For the layperson, transportation is a deceptively simple process as trucks, planes, ships and trains take freight where it needs to go with relative ease. To the logistics professional, however, developing the optimal transportation plan is a highly complex process. First, there are many variables that need to be considered for any shipment of goods:
Packaging: How should the goods be packaged for transportation? For example, should the goods te packaged into individual cartons or palletized or can multiple shipments be combined into a single pallet?
Consolidation: Can multiple shipments of goods be consolidated for all or part of their journey?
For example, can multiple supplier shipments be placed in the same ocean container while traveling from Shanghai to Long Beach?
Load Configuration: What is the optimal way of loading the goods in order to maximize the utilization of the transportation equipment? For example, how should the pallets be layered and stacked in order to fill out a trailer?
Route: What is the optimal route for the goods to take from their origin to their final destination?
For example, which port of export and port of import should be used for an ocean shipment? Can multiple customer deliveries be serviced by the same truck as it travels through a given region?
Mode/Carrier/Service Level: What mode of transportation should be utilized? What transportation service provider should be assigned? What service level is required? Selecting between different modes, carriers and service levels can involve complex cost and transit time tradeoffs.

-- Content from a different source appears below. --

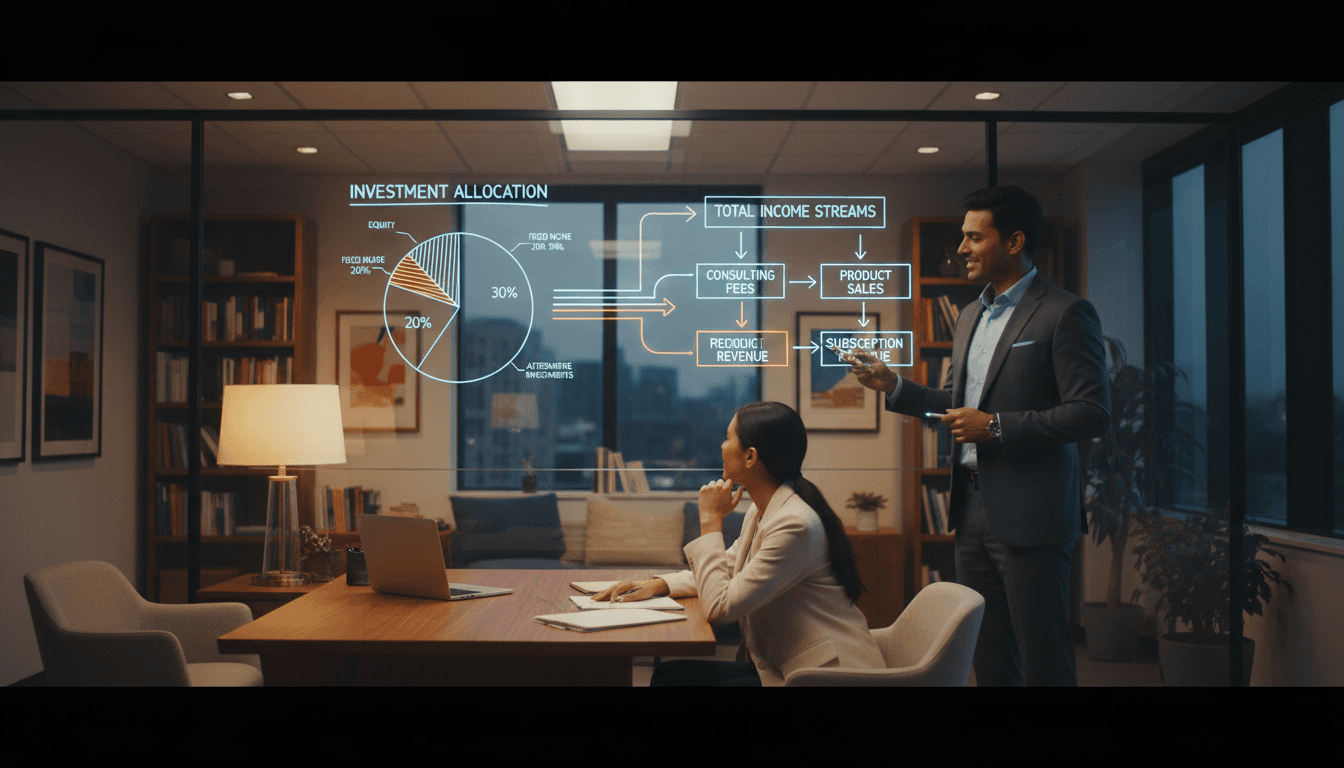 Consultant explaining passive income strategy on a whiteboard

All of these variables and more need to be considered. In addition, there are multiple operational constraints that need to be adhered to, including:
Pickup & Delivery Time Windows: On time pickup and delivery of the goods is often the primary constraint to be considered when optimizing transportation. For example, when is the material ready to ship? When does the customer require it to be delivered? When is the facility open to receive or ship goods?
Carrier & Equipment Capacity: Optimizing shipments needs to account for the operational constraints of the transportation service providers who physically move the goods. For example, how much capacity does a given transportation carrier have for a given portion of the network for a given time period? What is the frequency of service between a particular pair of ocean ports? How many pieces of equipment are available?
Location Capacity: Warehouses, manufacturing facilities, cross-docks and other transportation related locations have finite capacity to handle goods. For example, how many dock doors are available for loading or unloading products? How long does it take to cross-dock freight from the distribution center’s receiving to shipping areas?
Customer Compliance: Customers often place constraints on how their goods need to be shipped.
For example, certain goods cannot be consolidated or co-loaded with other goods. Specific equipment or special services may be required (e.g., inside delivery, high value goods).
The net result of these many facets of optimizing transportation is a highly complex and computational intensive process. The challenge is even greater given the operational nature of the transportation process. Companies typically don’t have weeks or days to make decisions, often they only have hours or minutes to determine the best plan.
The way that traditional transportation management systems solve this complex problem is by using either heuristics-based algorithms or optimization techniques. The former are generally faster and less resource intensive, while the latter usually take much longer to run and require significant compute resources, but achieve a more optimal solution.
Oracle Transportation Management is unique in the field of transportation management systems in that it allows the user, through its bulk planning feature, to ‘dial up’ their solution quality. The user has an option so they can choose heuristic based algorithms for larger sets of orders (where optimization would take too long to run) and optimization engines for smaller sets of orders.
The powerful combination of Oracle WebLogic, tuned to run faster on Oracle Exalogic, communicating via InfiniBand to the Oracle Transportation Management database on Oracle Exadata, using the Smart Scan and Flash Cache capabilities, yields unprecedented performance gains in runtime for Oracle Transportation Management’s bulk planning process and allows transportation planners to ‘dial up’ the optimization techniques.